The Epiphany-V design was developed with funding help from DARPA – the Defense Advanced Research Projects Agency. As the research arm for the US Department of Defense, DARPA is intensely interested in advancing low-power, high performance hardware for a wide range of military and security uses. Although the emphasis here is on embedded computing, there’s nothing to prevent some enterprising HPC vendor from building a supercomputing server with a bunch of Epiphany V chips.
According Olofsson’s report on the Epiphany-V, the goal of the design was to demonstrate an energy efficiency of 75 double precision gigaflops/watt. For those of you keeping score, that’s about four times the efficiency of NVIDIA’s new P100 GPU and more than five time that of Intel’s Knights Landing Xeon Phi. Olofsson also claims the chip has an 80-fold advantage in processor density and a 3.6-fold advantage in memory density compared to “the leading HPC processors.”
That’s quite a feat given that the 4.5 billion-transistor chip is manufactured with the same technology NVIDIA uses for their latest Pascal GPUs, namely TSMC’s 16nm FinFET process. Epiphany-V differs from its 64-core Epiphany-IV predecessor in a number of important ways. To start with, it’s the first Adapteva design to support double precision floating point math, which is a requirement for many HPC codes. In addition, the RISC processing elements are capable of hosting an OS, something that the previous version was incapable of doing. That makes it more like an Intel Xeon Phi than a GPU accelerator.
Each of the 1024 “processors” is made up of a RISC CPU, a network-on-a-chip component, and local SRAM memory. There is no cache to speak of. Memory is provided by the 64 MB of SRAM, which can be shared between multiple chips via point-to-point I/O links. Apparently up to a billion cores can be hooked together in this manner, all accessing a global shared memory pool, which can range up to a petabyte of capacity. The individual processing elements on the chip talk to each other over a 136-bit wide data link on the NOCs.

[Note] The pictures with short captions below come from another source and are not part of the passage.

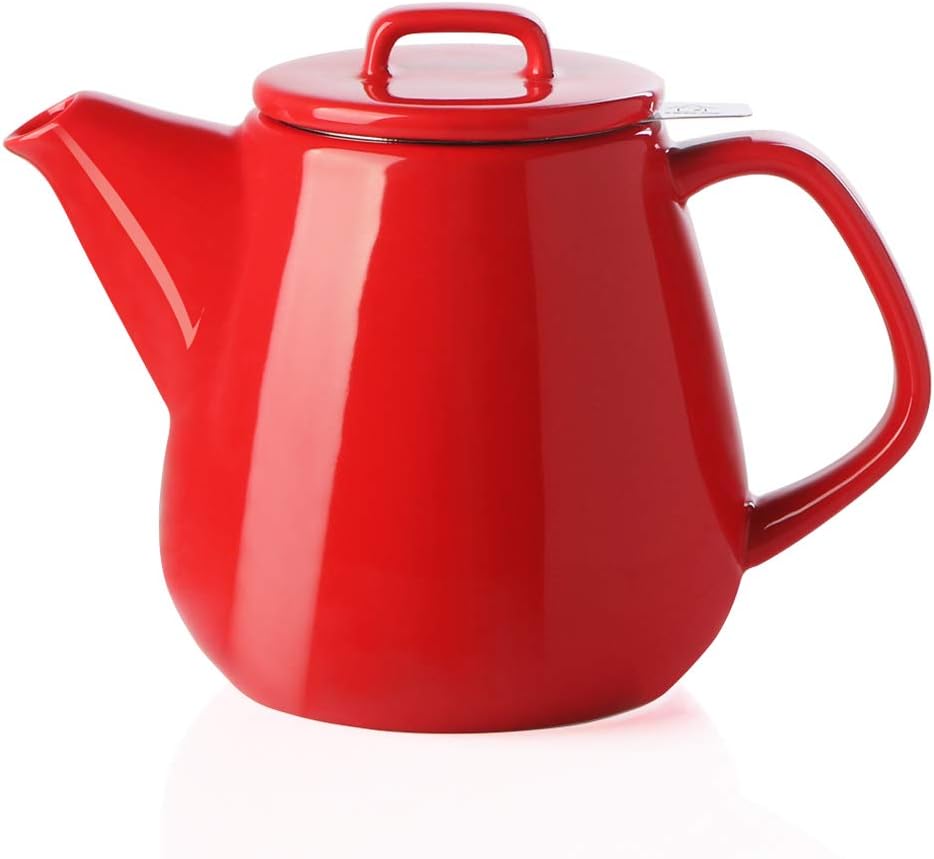 SWEEJAR Ceramic Teapot, Large Tea Pot with Stainless Steel Infuser, 40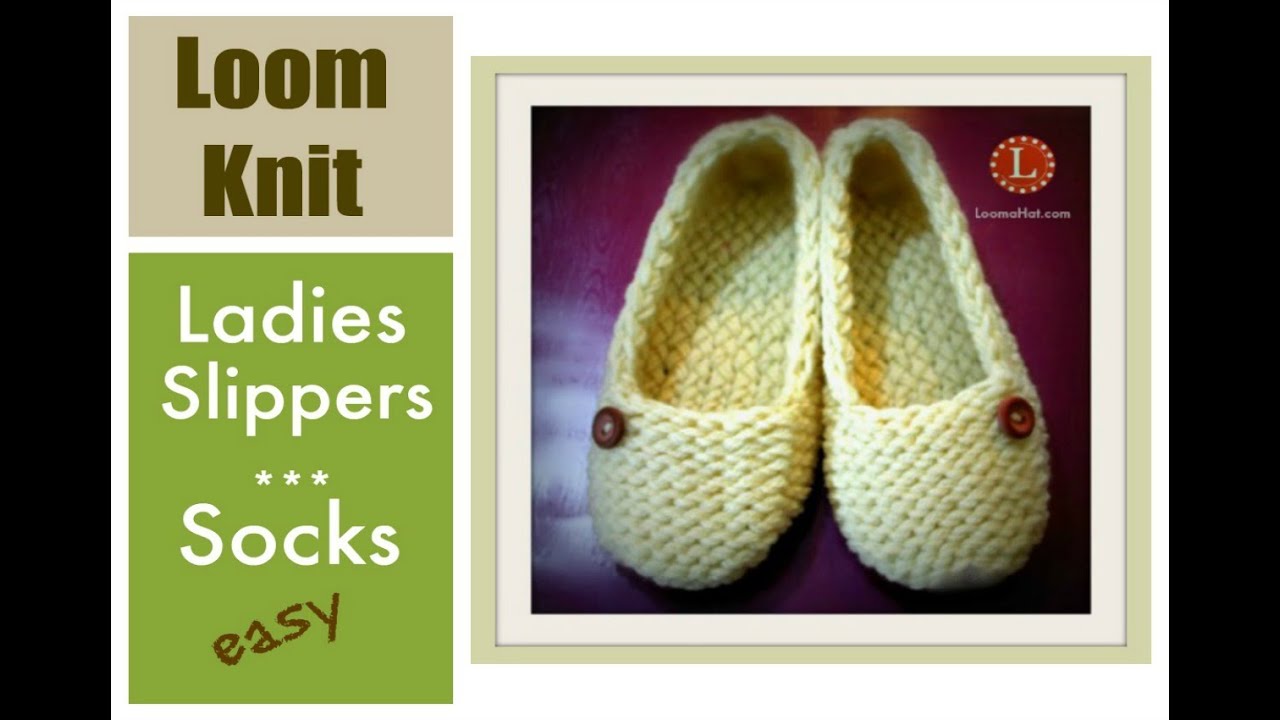 How to Loom Knit Slippers Socks Projects Step by Step for Beginners with Round Loom | Loomahat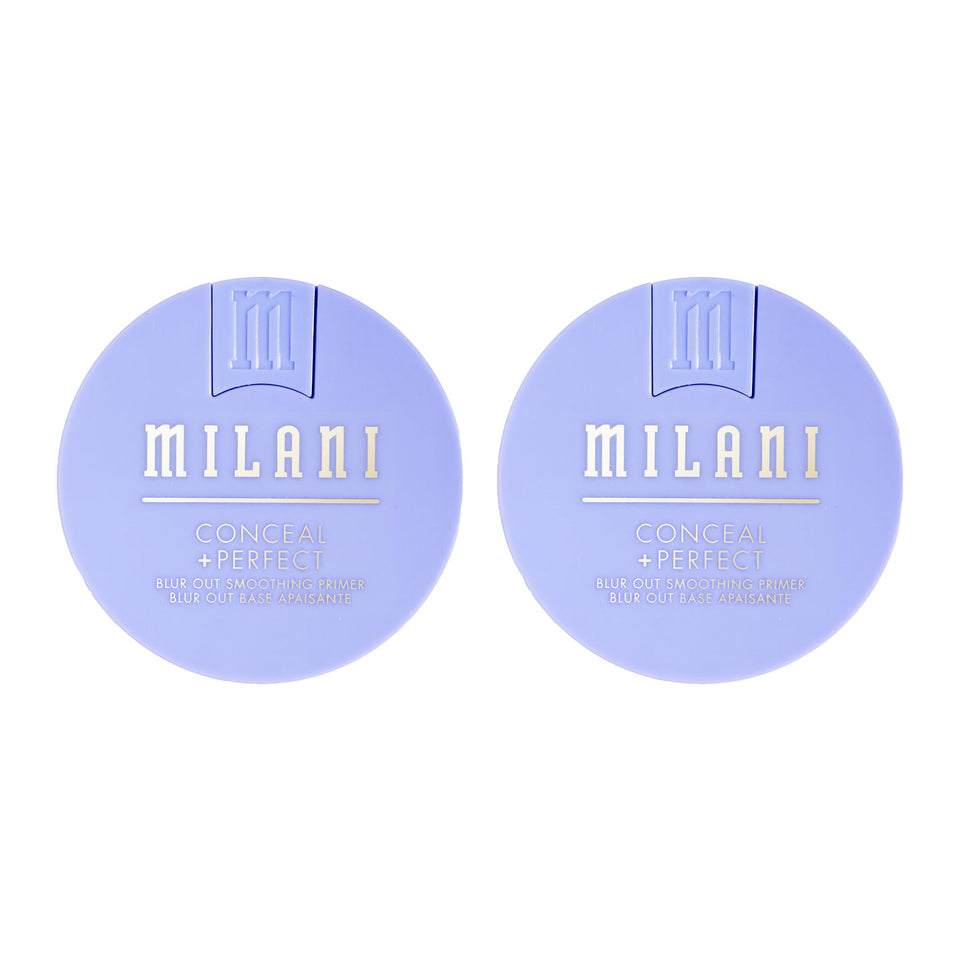 Milani Conceal + Perfect Blur Out Primer packaging front promotes easy makeup prep.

The biggest roadblock to customer adoption is the proprietary instruction set architecture (ISA) than underlies the hardware. (The latest ISA is backwardly compatible with the previous two renditions of Epiphany, with some new instructions added for deep learning, communication, and cryptography applications.) A stable ecosystem of compilers, debuggers and other software development tools will be needed to get customers to consider such an architecture. As of today, the chip can be programmed in ANSI C/C++ using a standard GNU tool chain. Support for MPI, OpenMP, OpenCL, OpenSHMEM and a few other HPC frameworks is also available.
Although Olofsson says the first Epiphany-V chips aren’t expected to roll out of TSMC’s fabs for another four to five months, he expects the new silicon to beat the stated performance goals. "Based on simulations, we will likely exceed 75 gigaflops/watt,” Olofsson told TOP500 News, “but we won't know for sure until we fully characterize the silicon in a few months’ time."